[llvm] [MachineScheduler] Experimental option to partially disable pre-ra scheduling. (PR #90181)

Tue May 21 03:14:52 PDT 2024

JonPsson1 wrote:

@michaelmaitland Thank you for taking your time with this! Interesting that on RISC-V this does not seem to matter much, at least generally. It would then be interesting to see if any individual file got better on RISC-V by disabling the scheduler (-mllvm -enable-misched=false). It would be most interesting to see this per scheduled region, or even per function, but any big regression should also be visible on a file comparison.

I fully agree that this option is only temporary, if even that. Instead of actually pushing this patch as it is, I will soon add here some experimental pre-RA heuristics that should at least in theory be better for an out-of-order target. I am hoping that this will be evaluated on other OOO targets, and if there indeed is a common ground here, some new OOO strategy could be developed.

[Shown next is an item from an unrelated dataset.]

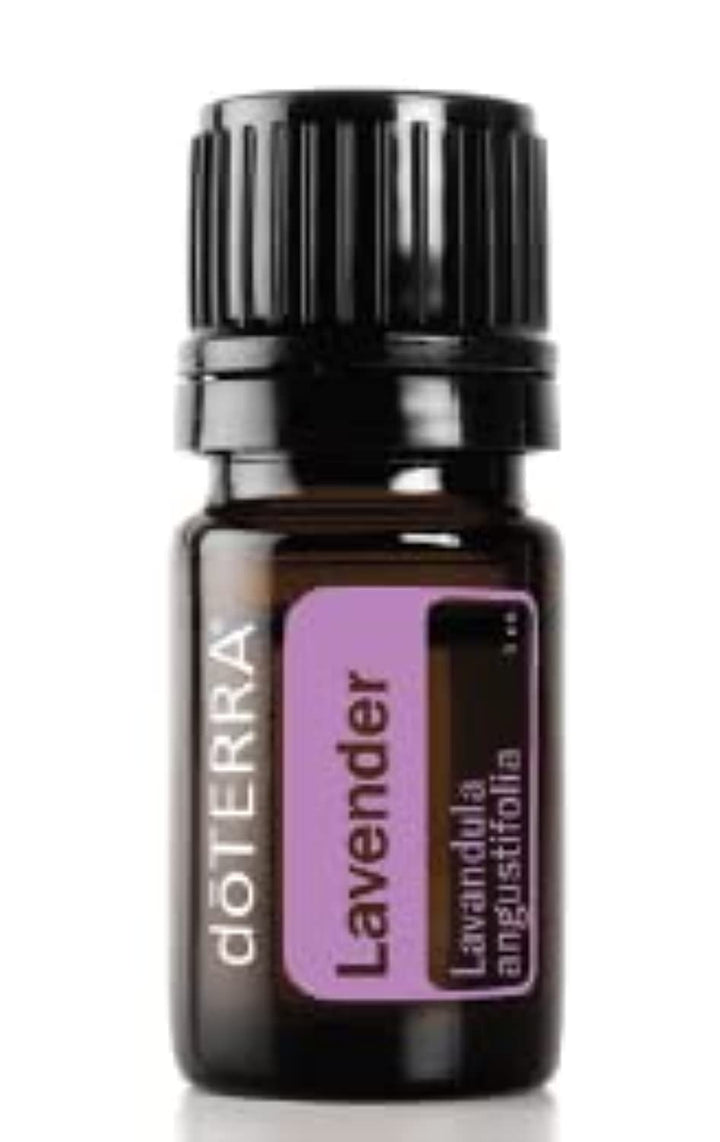 doTerra Essential Oils Introductory Kit with CD 1 Pack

> Have you looked at the instructions that are leading to the performance differences? Are there certain kinds of instructions or instruction sequences that are getting impacted?

That's a good question, but I have not a simple answer to that. One observation is that the instructions are before scheduling in a fairly reasonable order with long chains of def-use-def-use... but then the scheduler decides to mix those chains up so that a lot more registers are live in parallel than before. The GenericScheduler is dumb in that it does this after looking at just different SUnits, and does not consider anything like sub-trees or groups of instructions. It will never do some "lookahead" and finish of a sequence of instructions where it could reduce liveness, but it may instead continue to add too much ILP even though the heuristic is related to register pressure. So I would say that in this worst case (cactus) it is simply adding too much ILP in the huge block, while the unscheduled instructions where in a pretty good order to begin with.

> Have you looked at what heuristics are causing the ordering that leads to the spills?

For one thing, it is looking at the *input* order of the instructions and determines the type of register pressure set that is the most important to keep track of during scheduling. In this FP-intensive region, the GPRs are incorrectly deemed most important, and so the scheduler causes a lot of FP spills. But as said earlier, fixing this alone did not help much. 

Maybe the real problem is that GenericScheduler is cycle-exact (with Available/Pending queues) and resource balancing. The register pressure heuristics seem to be nice add-ons on top of that but do not do the full job. Therefore, I am thinking of a different scheduler more aimed at OOO targets where register pressure is first priority, and then probably some ILP / latency optimization without causing any spilling. 

> How many instructions are in the Available queue during scheduling of the larger regions? Is there opportunity to refine your SchedModel so that the Avaliable and Pending are better populated?

As I will post here soon, one part of my experiments have been to not have the Pending queue at all (unless Available grows huge). The motivation is that for a non-cycle-exact target it doesn't matter if e.g. a load has a latency that makes it not fit in the current cycle, so schedule it directly instead and close the live-region.

https://github.com/llvm/llvm-project/pull/90181